Agents are most valuable when they reduce uncertainty in a specific domain, not when they attempt to own outcomes end to end.
Scope
A bounded role does not describe how intelligent an agent is.
It describes where that intelligence is applied.
The role should be narrow enough that:
- Success can be clearly articulated
- Failure modes are understandable
- Authority is legible to humans and systems
- The agent can be safely composed with other components
This habit applies equally to small assistive agents and larger agentic subsystems.
What this habit enables
When an agent has a clearly bounded role:
- Its permissions can be tightly scoped
- Its outputs can be validated and monitored
- Its impact on the system is predictable
- Its behavior can improve without expanding authority
Bounded roles make agents easier to trust because they make trust testable.

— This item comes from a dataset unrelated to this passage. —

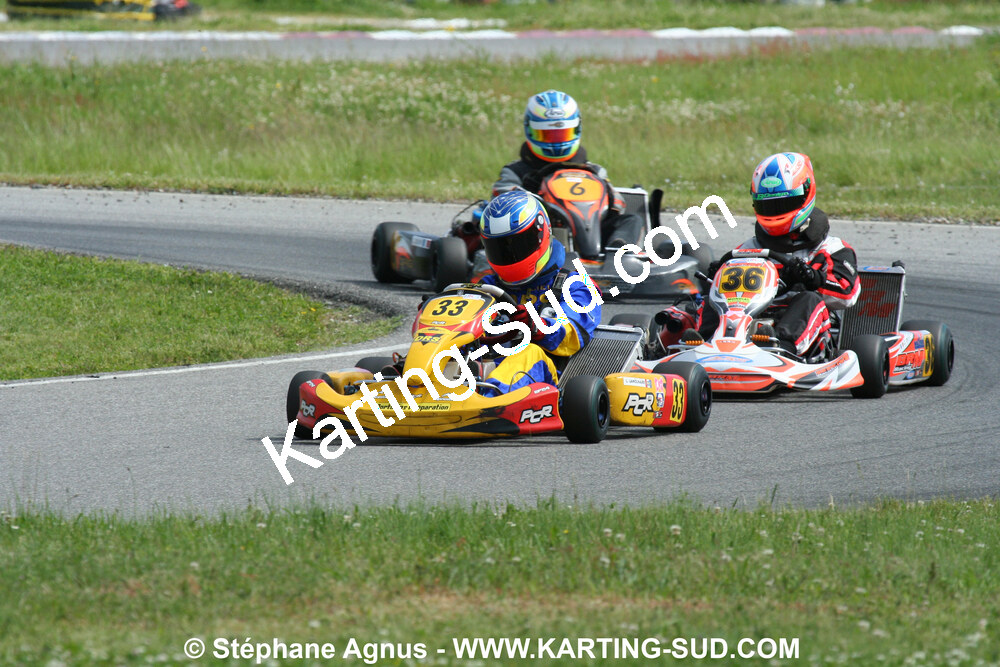 04/05/2008 : 3ème manche du Championnat Régional Midi-Pyrénées à Muret (Photos Stéphane Agnus) 2008 — karting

What this habit deliberately prevents
This habit prevents agents from becoming implicit owners of complex outcomes.
It resists designs where:
- Responsibility is implied rather than explicit
- Authority expands organically through prompt changes
- Agents are expected to figure things out end to end
- Failures are attributed to intelligence rather than design
Broad responsibility without clear intent is not autonomy. It is abdication.
Governance implications
A clearly bounded role is a governance primitive.
It defines:
- What decisions the agent may influence
- What decisions it may not make
- Where escalation boundaries exist
- Who remains accountable for outcomes
Without a bounded role, permission boundaries cannot be meaningfully enforced. Governance becomes reactive instead of structural.
Common failure modes
Systems that violate this habit often exhibit:
- Agents making decisions outside their original intent
- Expanding scope through incremental prompt changes
- Difficulty explaining why an action occurred
- Blurred accountability between humans and automation
These failures are often misattributed to model limitations, when the root cause is unclear role definition.
Example use cases
Examples of bounded roles might include:
- Interpreting unstructured user input and mapping it to predefined actions
- Summarizing observability signals for human review
- Drafting responses that require approval before execution
- Translating between human language and system interfaces
In each case, the agent contributes intelligence without owning the outcome.
Relationship to other habits
This habit anchors several others:
- Explicit Constraints build on role clarity
- Deferral depends on knowing when authority ends
- Accountability requires clearly defined responsibility
When this habit is weak, the rest of the system compensates poorly.
Closing perspective
A clearly bounded role does not limit an agent’s usefulness.
It concentrates it.
The fastest way to make an agent dangerous is to make it responsible for too much. The fastest way to make it valuable is to be precise about why it exists.